Directed by Shawn Levy

Written by Josh Klausner 

Starrive Steve Carell, Tina Fey, Ray Liotta, Common, Jimmy Simpson

Release Date April 9th, 2010 

Published April 8th, 2010

A couple of bored New Jersey-ites decide to mix up their routine with a trip to the big city and find themselves mixed up in a murderous plot involving gangsters, crooked cops and dirty politicians in the new comedy Date Night starring Tina Fey and Steve Carell and directed by mainstream machinist Shawn Levy (Night at the Museum 1 & 2).

Shawn Levy has never been what anyone would call an auteur. Levy is, without a doubt, a craftsman but more along the lines of an amateur carpenter than a master builder. Levy's films tend to unfold with a solid plan in mind and end up as rickety, half completed disasters. To be fair, the half completed parts can be quite entertaining and have proven exceptionally popular.

How nice then that Levy's latest rickety contraption, Date Night, actually shows the director becoming a better craftsman. Unlike the Night at the Museum movies, Date Night has a quick pace, oodles of charm, and more than a few really big laughs. It helps to have a pair of very, very funny leads to carry the audience over the trouble spots. As Phil and Claire Foster, Steve Carell and Tina Fey do a remarkable job of portraying a marriage with a little dust on it. The routine of once a week dinners, lame book clubs and time spent with fellow dusty married couples is so well evoked that you can't wait for the expected wackiness to ensue.

The wackiness arrives when Phil and Claire, frightened by the recently announced divorce of a longtime friends, break from their routine for a night in New York City. The couple want to have dinner at a swanky new restaurant in Manhattan but they don't have a reservation. When another couple doesn't show, Phil boldly claims the reservation and the identity of the missing couple.

That couple, unfortunately, happens to be the missing link between a mob boss (Ray Liotta) and some dirty cops (Jimmi Simpson and Common) and a shady politician. When the dirty cops come after the Foster's one wild night ensues as they evade the bad guys with the help of a hunky security expert played by a shirtless Mark Wahlberg.

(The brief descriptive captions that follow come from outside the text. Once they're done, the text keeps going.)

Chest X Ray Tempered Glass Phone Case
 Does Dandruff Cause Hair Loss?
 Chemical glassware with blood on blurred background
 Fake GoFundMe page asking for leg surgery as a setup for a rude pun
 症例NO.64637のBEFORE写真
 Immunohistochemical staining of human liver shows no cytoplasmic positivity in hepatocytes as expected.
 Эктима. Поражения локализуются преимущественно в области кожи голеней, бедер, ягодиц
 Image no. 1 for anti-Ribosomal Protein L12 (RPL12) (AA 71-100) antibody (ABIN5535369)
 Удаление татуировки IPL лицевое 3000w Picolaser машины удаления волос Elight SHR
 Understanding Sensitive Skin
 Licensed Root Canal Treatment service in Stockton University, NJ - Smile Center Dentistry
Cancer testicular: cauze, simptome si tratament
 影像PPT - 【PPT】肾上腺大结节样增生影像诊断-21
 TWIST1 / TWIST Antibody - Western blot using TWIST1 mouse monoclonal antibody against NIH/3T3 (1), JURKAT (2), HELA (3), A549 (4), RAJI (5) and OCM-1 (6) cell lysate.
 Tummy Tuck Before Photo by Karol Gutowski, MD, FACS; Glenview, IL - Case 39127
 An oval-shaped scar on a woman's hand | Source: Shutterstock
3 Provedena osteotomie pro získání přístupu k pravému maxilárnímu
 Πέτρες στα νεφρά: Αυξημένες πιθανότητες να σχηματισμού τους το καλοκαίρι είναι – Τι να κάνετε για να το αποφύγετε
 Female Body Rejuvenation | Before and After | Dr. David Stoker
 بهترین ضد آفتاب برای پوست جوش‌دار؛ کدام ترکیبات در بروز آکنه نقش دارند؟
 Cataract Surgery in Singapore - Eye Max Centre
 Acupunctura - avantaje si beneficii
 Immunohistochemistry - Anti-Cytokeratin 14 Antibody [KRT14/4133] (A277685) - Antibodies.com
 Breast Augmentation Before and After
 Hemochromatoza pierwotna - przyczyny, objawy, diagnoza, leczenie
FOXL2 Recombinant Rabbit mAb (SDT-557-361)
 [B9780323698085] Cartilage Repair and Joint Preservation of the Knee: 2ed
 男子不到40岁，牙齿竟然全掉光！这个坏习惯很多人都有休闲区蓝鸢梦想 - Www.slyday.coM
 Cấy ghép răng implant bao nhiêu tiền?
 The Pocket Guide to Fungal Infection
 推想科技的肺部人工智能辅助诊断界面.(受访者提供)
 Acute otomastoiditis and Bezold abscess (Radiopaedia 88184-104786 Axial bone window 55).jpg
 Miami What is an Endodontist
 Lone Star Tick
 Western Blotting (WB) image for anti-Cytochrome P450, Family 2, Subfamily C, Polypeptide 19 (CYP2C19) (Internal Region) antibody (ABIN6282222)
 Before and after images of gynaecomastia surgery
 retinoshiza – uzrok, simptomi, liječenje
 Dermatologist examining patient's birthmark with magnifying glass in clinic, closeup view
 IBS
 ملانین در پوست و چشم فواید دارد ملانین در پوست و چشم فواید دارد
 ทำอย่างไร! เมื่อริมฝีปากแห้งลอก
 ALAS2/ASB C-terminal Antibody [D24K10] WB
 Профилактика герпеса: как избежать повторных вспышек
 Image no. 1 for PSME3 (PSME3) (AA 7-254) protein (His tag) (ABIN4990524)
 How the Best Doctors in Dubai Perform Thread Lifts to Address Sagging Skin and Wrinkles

The plot is creaky and as well aged as Claire and Phil's marriage routine. The key to making it work lies with Carell and Fey's ability to sell the goofball, over the top gags and sell they do, Carell and Fey make a top notch comic duo. Scene after scene, whether Phil and Claire are sharing a quiet meal, poking quiet fun at fellow diners, or running from a hail of bullets or in a wild car chase, Carell and Fey make the most of their terrific comic chemistry to draw big laughs.

If you like the Steve Carell and Tina Fey you know from TV then you will like Phil and Claire. Director Levy cleverly plays the story to the strengths of his stars and they reward him by taking thin characters and a well worn plot and make something surprisingly, hilariously more of it.

With any other cast Date Night would crash and burn. With Steve Carell and Tina Fey Date Night becomes a fast paced, laugh out loud riot; stay for the credits which tack on a few more big laughs in Carell and Fey's blunders and ad libs. Shawn Levy may never be a great director but with the right cast and the right material he is an effective director and that is all that was needed for Date Night.